Aciz, kendini ifade etmekte güçlük çeken, korkan, ürkek davranan
çocukların sesi olmayan yetişkinlerdeki pişkinliği, korkaklığı anlayamıyorum!
Birlik olup gür bir ses ile öyle bir haykırmalıyız ki gökyüzü inlemeli,
faillerin üzerlerine ateş yağmalı, bu masum çocukların canını acıtanların
misliyle, daha fazlasıyla öyle bir canını acıtmalıyız ki, tüm aleme ibret
olmalı! İbret olmalı ki, daha da kimse masum çocuklara dokunmaya cesaret
edemesin, temiz çocukların ruhlarını kirletmesin!
Yaşanan çocuk istismarları karşısında susan, sessiz kalan
hiçbir kimse sonrasında kalkıp başka zamanlarda bize ahlak dersi vermesin!
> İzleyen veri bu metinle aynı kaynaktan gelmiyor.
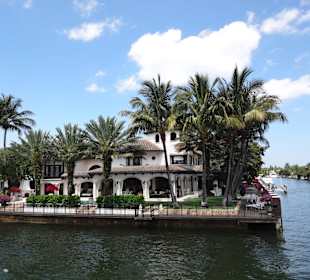 Viele Kanäle mit tollen Häusern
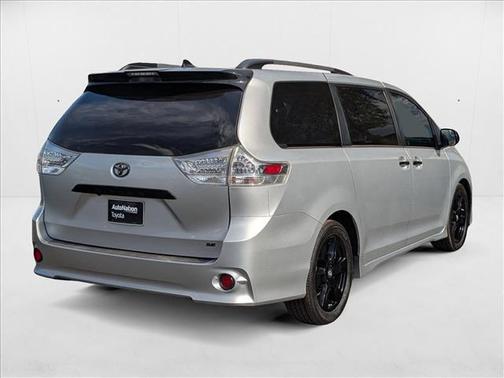 2020 Toyota Sienna SE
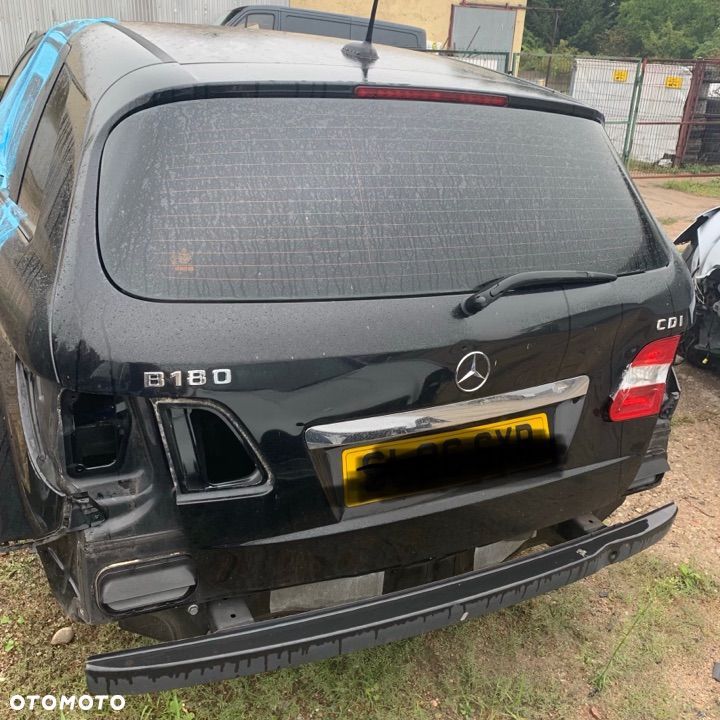 MERCEDES B 245 szyba tylna chrom klapy tylnej lampki oświetlenia tablicy oryginał  a 169 b 245 - 1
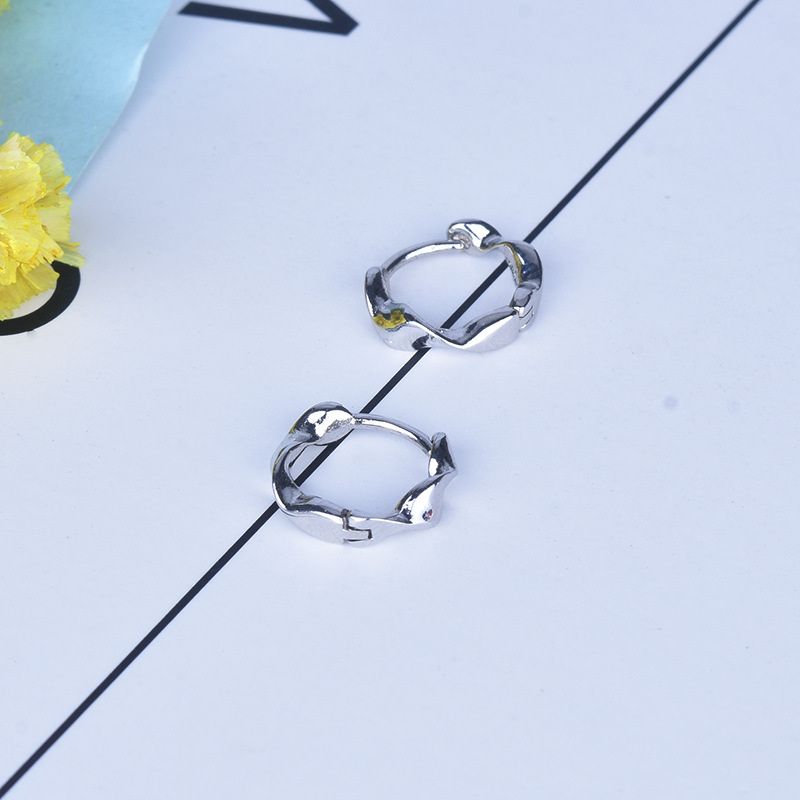 MOBIUS EARRINGS1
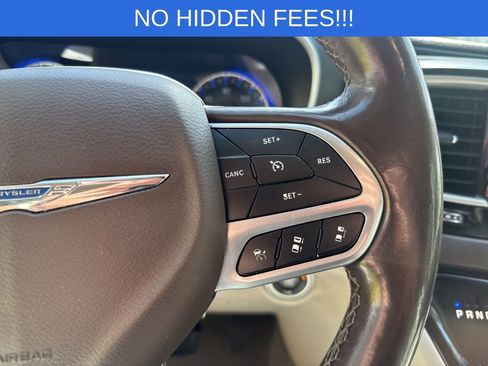 Used 2020 Chrysler Pacifica Touring-L w/ Advanced Safetytec Group FWD image 30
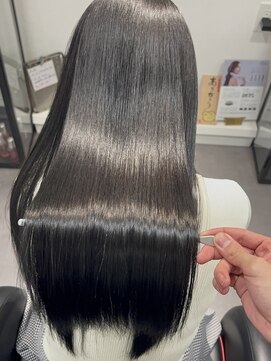 ロジャー(ROGER) ブラック/髪質改善トリートメント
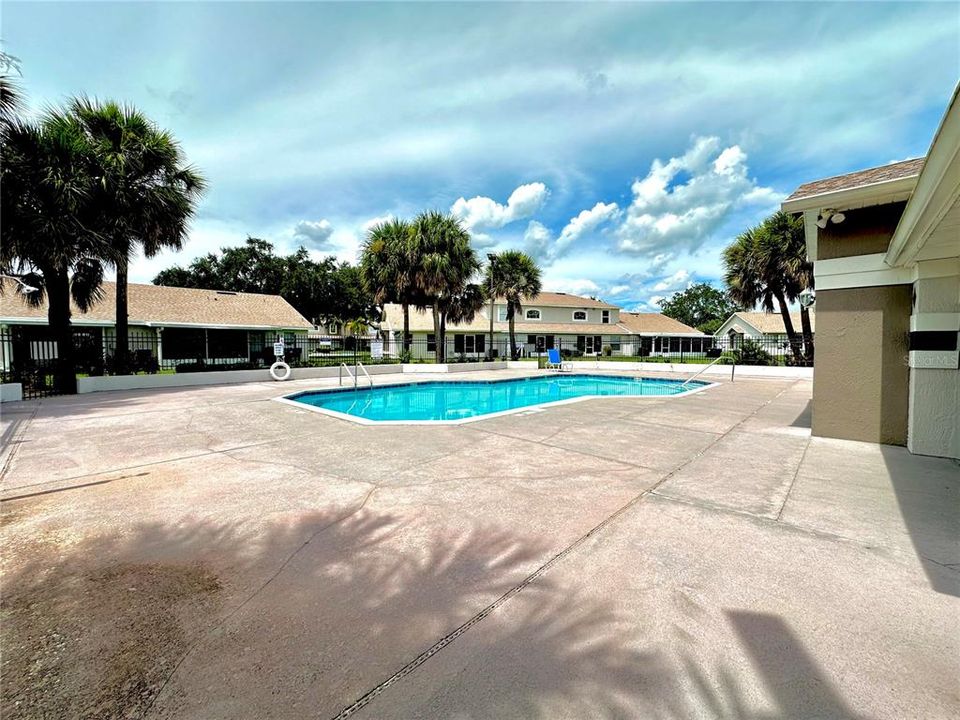 Active With Contract: $270,000 (3 beds, 2 baths, 1163 Square Feet)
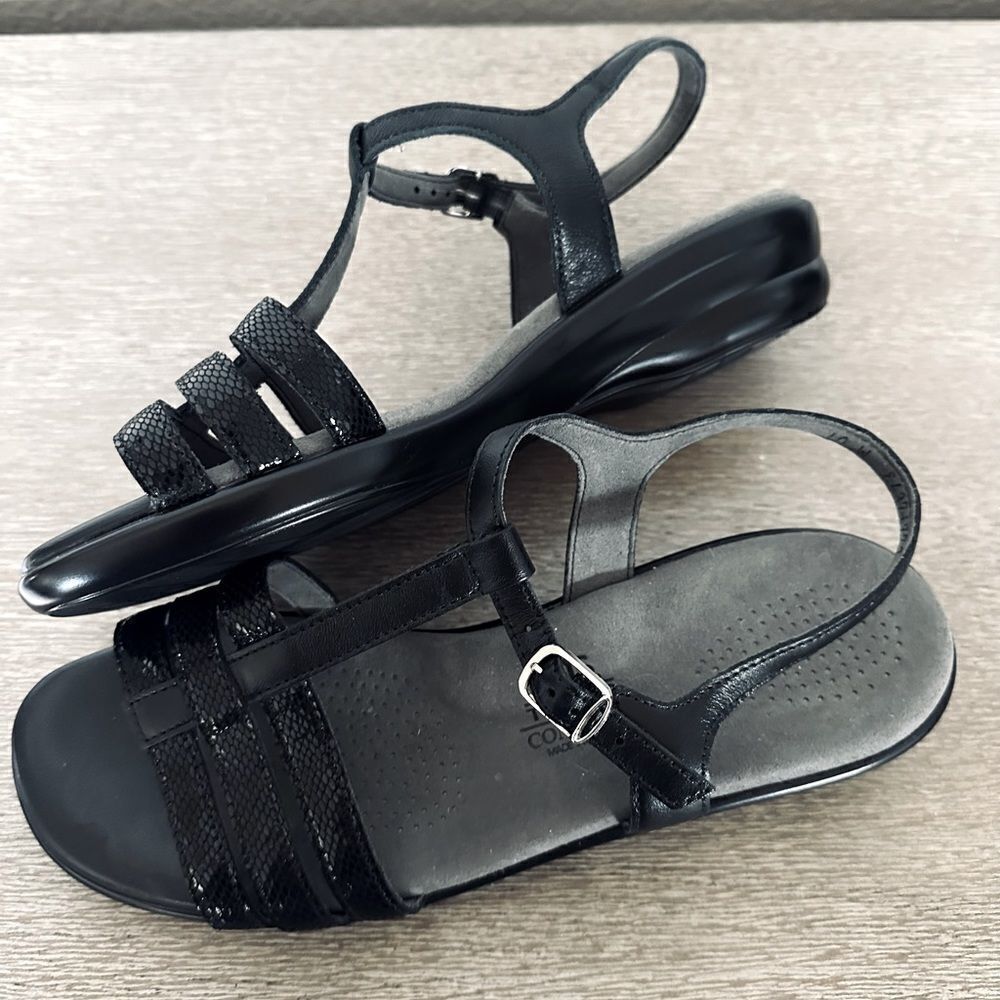 NWOT SAS San Antonio Shoes Black Leather Sandals 10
Namusum
ve şerefim üzerine yemin ediyorum ki, tokat olur yüzlerine inerim! Ateş olur,
bedenlerini yakarım!
Mahkemenin tahliye kararına gelince... Duruşma 17 Eylül’de
görülecek. İnşallah Bakanlığın tahliyeye itiraz ve tutuklanmalarını talep
etmelerini mahkeme ciddiye alır ve gereğini yapar. Kendi öz çocuğuna şiddet
uygulayan bir annenin başkalarının çocuğuna şiddet uygulamayacağı ne malum?
Kendi öz kızı istismara uğrar iken, sürece sessiz kalıp izlemeyi tercih eden
anne, yarın öbür gün başka istismarlar karşısında nasıl çocukların sesi
olabilir ki? Kendi öz kızını koruyamayan anneye yarın başka insanları, toplumu
nasıl emanet edeceğiz? Peki üvey babaya ne demeli? Kendi kızına istismarda
bulunan biri, yarın toplumdaki diğer çocuklara hangi gözle bakacak? Toplumu,
çocuklarımızı, milli ve manevi değerlerimizi bu adama nasıl emanet edeceğiz?
Yapılan eylemlerin bir karşılığı olması gerekmiyor mu?
Çocukların yaşadıkları travmalar karşılıksız mı kalacak?
Bütün bir toplum büyük bir çığlık olmalı, Elmalı Davası’nda failler en ağır cezayı almalı!